EXTRACTED INFORMATION Start Marker
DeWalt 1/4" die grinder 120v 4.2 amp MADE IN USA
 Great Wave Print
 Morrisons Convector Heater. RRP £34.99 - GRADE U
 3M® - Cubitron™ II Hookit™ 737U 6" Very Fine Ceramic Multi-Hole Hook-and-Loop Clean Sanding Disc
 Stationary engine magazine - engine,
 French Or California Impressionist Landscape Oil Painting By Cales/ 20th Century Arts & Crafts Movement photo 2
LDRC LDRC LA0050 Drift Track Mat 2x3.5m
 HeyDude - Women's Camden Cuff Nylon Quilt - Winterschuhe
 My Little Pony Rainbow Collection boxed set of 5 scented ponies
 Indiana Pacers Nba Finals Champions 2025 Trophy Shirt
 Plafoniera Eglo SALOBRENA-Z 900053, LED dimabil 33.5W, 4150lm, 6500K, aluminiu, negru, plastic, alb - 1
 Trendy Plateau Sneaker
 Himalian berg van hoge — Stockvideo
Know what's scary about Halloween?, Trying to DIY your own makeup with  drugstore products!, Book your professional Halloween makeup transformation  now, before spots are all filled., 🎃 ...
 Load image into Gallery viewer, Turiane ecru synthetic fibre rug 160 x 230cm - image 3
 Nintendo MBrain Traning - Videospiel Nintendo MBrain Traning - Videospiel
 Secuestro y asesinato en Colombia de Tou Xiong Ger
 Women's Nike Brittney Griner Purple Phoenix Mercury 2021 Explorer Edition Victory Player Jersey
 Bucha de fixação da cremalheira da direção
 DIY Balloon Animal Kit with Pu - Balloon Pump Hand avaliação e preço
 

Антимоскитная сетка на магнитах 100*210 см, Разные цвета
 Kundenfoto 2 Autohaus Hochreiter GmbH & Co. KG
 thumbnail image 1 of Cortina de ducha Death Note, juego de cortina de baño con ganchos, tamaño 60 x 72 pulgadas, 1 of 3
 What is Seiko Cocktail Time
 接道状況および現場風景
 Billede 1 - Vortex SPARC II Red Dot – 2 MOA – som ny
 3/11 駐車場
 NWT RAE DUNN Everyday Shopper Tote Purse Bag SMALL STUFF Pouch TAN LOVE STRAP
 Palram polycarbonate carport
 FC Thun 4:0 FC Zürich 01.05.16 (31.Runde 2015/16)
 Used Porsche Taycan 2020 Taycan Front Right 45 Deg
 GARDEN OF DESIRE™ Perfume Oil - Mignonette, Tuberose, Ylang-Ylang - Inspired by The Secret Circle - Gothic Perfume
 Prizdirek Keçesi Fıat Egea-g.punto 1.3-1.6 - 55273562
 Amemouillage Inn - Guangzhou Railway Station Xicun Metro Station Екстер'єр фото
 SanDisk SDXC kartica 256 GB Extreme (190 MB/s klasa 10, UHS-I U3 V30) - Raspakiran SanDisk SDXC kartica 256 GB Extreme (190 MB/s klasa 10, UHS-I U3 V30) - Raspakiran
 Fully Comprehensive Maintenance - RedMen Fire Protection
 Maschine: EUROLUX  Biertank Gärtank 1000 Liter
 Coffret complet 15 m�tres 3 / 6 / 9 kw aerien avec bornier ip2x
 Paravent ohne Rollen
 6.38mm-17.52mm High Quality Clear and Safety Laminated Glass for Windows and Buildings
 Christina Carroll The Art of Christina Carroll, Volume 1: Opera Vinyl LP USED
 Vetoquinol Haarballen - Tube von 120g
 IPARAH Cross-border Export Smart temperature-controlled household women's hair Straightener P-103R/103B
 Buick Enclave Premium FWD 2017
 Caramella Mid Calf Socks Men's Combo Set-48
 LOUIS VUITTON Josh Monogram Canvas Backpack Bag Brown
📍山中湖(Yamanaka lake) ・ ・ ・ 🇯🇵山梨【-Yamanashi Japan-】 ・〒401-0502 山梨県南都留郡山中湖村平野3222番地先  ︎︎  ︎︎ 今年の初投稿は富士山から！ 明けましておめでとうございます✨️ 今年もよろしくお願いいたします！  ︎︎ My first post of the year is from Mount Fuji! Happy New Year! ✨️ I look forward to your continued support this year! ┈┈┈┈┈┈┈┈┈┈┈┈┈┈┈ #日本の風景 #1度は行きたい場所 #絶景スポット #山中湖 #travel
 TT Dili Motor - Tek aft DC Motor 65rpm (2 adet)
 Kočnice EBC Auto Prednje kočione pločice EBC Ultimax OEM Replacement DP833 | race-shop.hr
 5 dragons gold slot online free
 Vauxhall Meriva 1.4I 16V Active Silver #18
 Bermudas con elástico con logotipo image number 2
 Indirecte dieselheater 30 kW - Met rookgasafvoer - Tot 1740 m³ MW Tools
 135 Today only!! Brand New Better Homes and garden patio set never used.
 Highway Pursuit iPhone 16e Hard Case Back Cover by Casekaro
EXTRACTED INFORMATION End Marker
■ **TASK ITEM**
Could you retype exactly the lines above, starting at the line that contains "What is Seiko Cocktail Time" and ending at the line that contains "6.38mm-17.52mm High Quality", and nothing more?

■ **SOLUTION BELOW**
 What is Seiko Cocktail Time
 接道状況および現場風景
 Billede 1 - Vortex SPARC II Red Dot – 2 MOA – som ny
 3/11 駐車場
 NWT RAE DUNN Everyday Shopper Tote Purse Bag SMALL STUFF Pouch TAN LOVE STRAP
 Palram polycarbonate carport
 FC Thun 4:0 FC Zürich 01.05.16 (31.Runde 2015/16)
 Used Porsche Taycan 2020 Taycan Front Right 45 Deg
 GARDEN OF DESIRE™ Perfume Oil - Mignonette, Tuberose, Ylang-Ylang - Inspired by The Secret Circle - Gothic Perfume
 Prizdirek Keçesi Fıat Egea-g.punto 1.3-1.6 - 55273562
 Amemouillage Inn - Guangzhou Railway Station Xicun Metro Station Екстер'єр фото
 SanDisk SDXC kartica 256 GB Extreme (190 MB/s klasa 10, UHS-I U3 V30) - Raspakiran SanDisk SDXC kartica 256 GB Extreme (190 MB/s klasa 10, UHS-I U3 V30) - Raspakiran
 Fully Comprehensive Maintenance - RedMen Fire Protection
 Maschine: EUROLUX  Biertank Gärtank 1000 Liter
 Coffret complet 15 m�tres 3 / 6 / 9 kw aerien avec bornier ip2x
 Paravent ohne Rollen
 6.38mm-17.52mm High Quality Clear and Safety Laminated Glass for Windows and Buildings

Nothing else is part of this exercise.